▸ Exercise instructions:
Would you please repeat exactly the entries below, starting at the line with "MR11 GU4.0 3.5W" and ending at the line with "Lululemon Groove Super-High-Rise", and nothing outside that range? Leave out the pictures.

▸ Supplied material:
:::

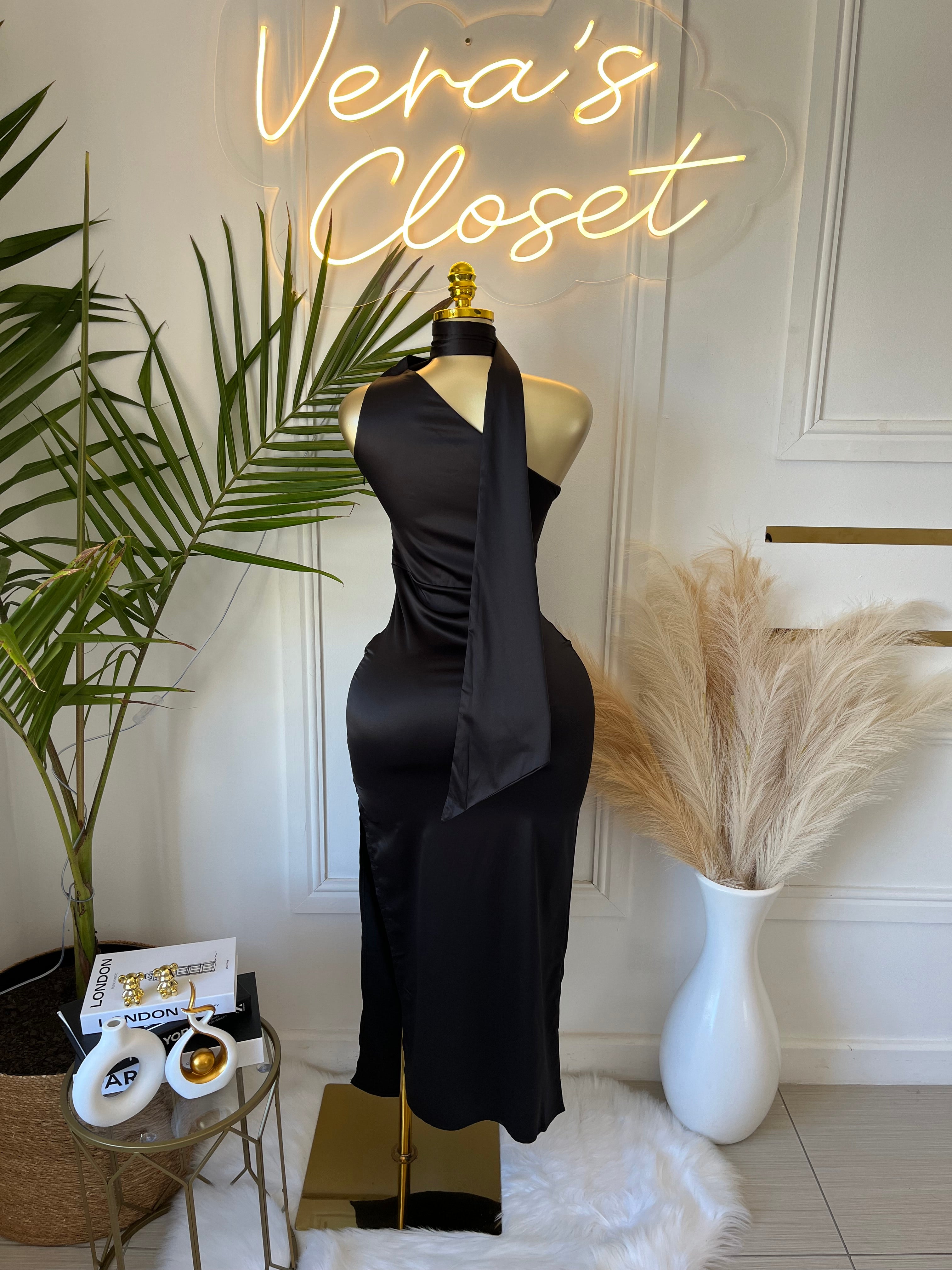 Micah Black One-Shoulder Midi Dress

:::

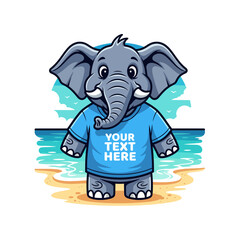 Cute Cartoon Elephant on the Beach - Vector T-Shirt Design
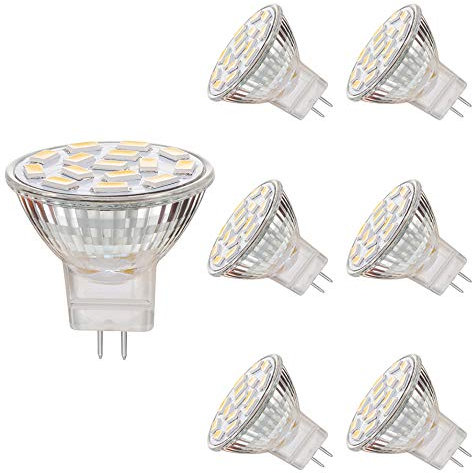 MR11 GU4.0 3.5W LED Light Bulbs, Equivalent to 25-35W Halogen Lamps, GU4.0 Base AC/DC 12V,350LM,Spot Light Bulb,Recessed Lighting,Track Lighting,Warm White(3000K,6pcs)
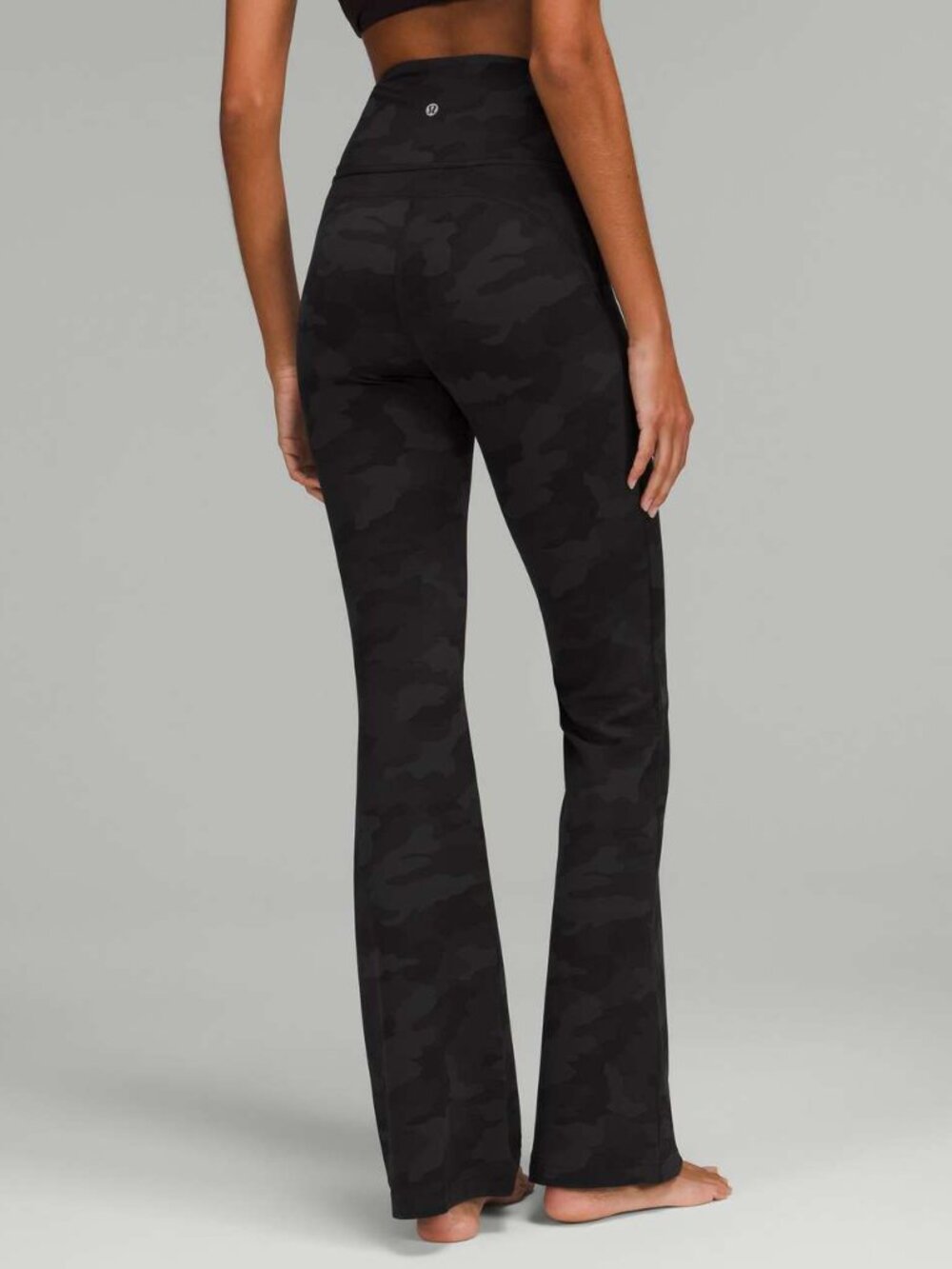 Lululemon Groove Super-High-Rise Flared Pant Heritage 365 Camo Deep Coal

:::

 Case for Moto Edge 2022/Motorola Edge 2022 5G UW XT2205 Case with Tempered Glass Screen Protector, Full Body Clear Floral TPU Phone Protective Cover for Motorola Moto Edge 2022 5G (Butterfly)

:::

▸ Solution:
 MR11 GU4.0 3.5W LED Light Bulbs, Equivalent to 25-35W Halogen Lamps, GU4.0 Base AC/DC 12V,350LM,Spot Light Bulb,Recessed Lighting,Track Lighting,Warm White(3000K,6pcs)
 Lululemon Groove Super-High-Rise Flared Pant Heritage 365 Camo Deep Coal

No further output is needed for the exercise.